_Problem requirements_. Using the data below, print exactly the line with "Player version Manchester", the line with "Tamaris - Women", and every line between them, but none of the pictures.

_Exercise data_.
########################################

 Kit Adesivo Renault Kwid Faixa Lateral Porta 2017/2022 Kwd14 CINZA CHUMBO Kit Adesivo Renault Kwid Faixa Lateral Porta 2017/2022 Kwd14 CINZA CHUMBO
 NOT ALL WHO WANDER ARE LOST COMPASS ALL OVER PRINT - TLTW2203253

########################################

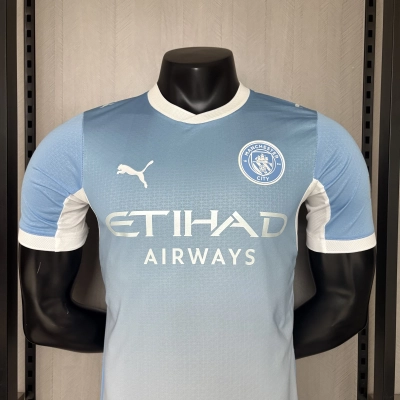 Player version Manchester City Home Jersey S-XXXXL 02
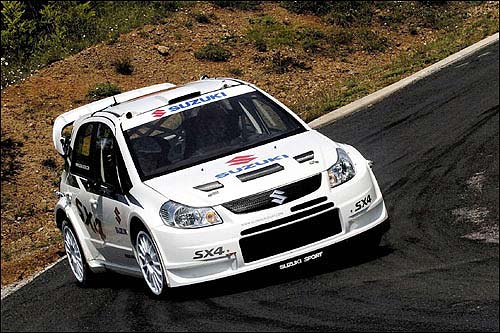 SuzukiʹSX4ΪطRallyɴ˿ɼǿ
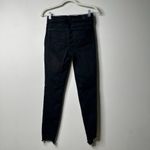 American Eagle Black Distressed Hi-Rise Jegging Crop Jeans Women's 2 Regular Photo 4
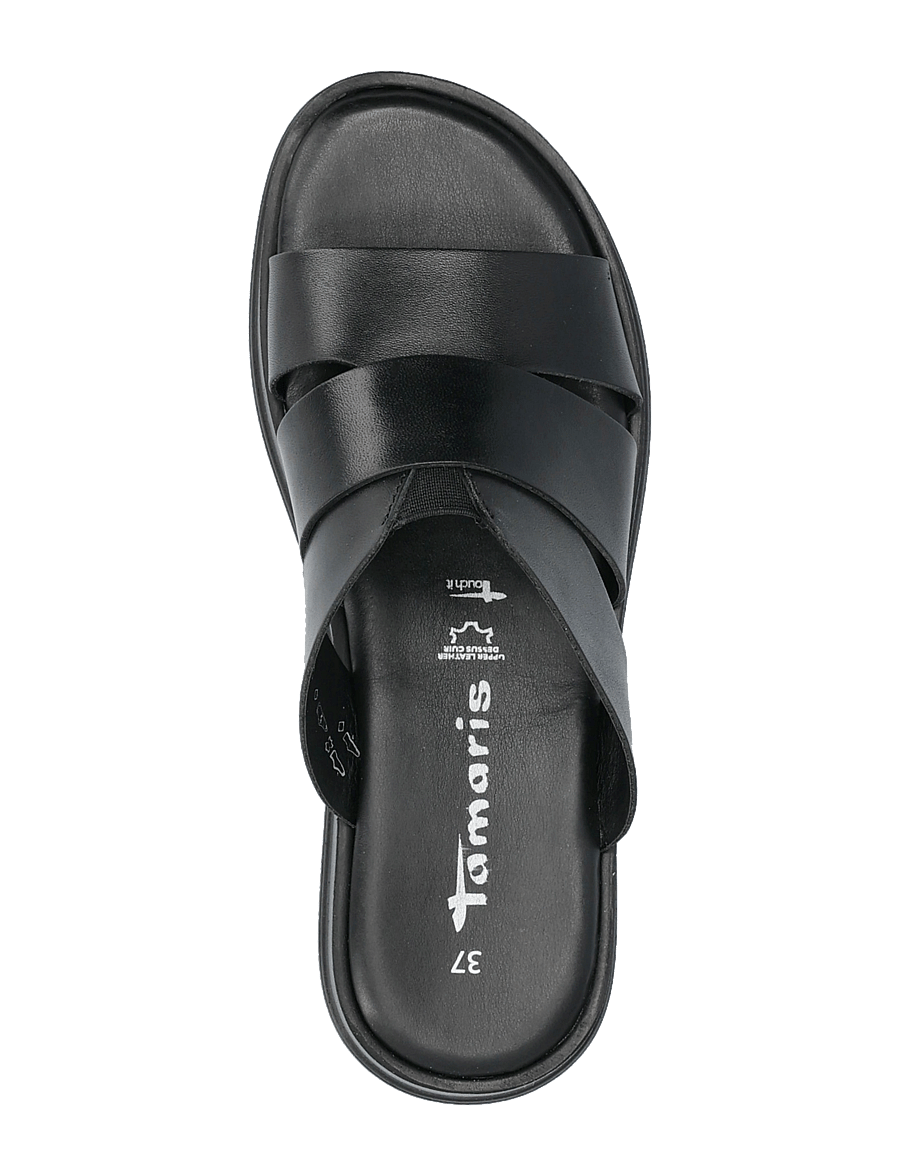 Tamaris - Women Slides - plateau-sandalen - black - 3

########################################

_Answer to the problem_.
 Player version Manchester City Home Jersey S-XXXXL 02
 SuzukiʹSX4ΪطRallyɴ˿ɼǿ
 American Eagle Black Distressed Hi-Rise Jegging Crop Jeans Women's 2 Regular Photo 4
 Tamaris - Women Slides - plateau-sandalen - black - 3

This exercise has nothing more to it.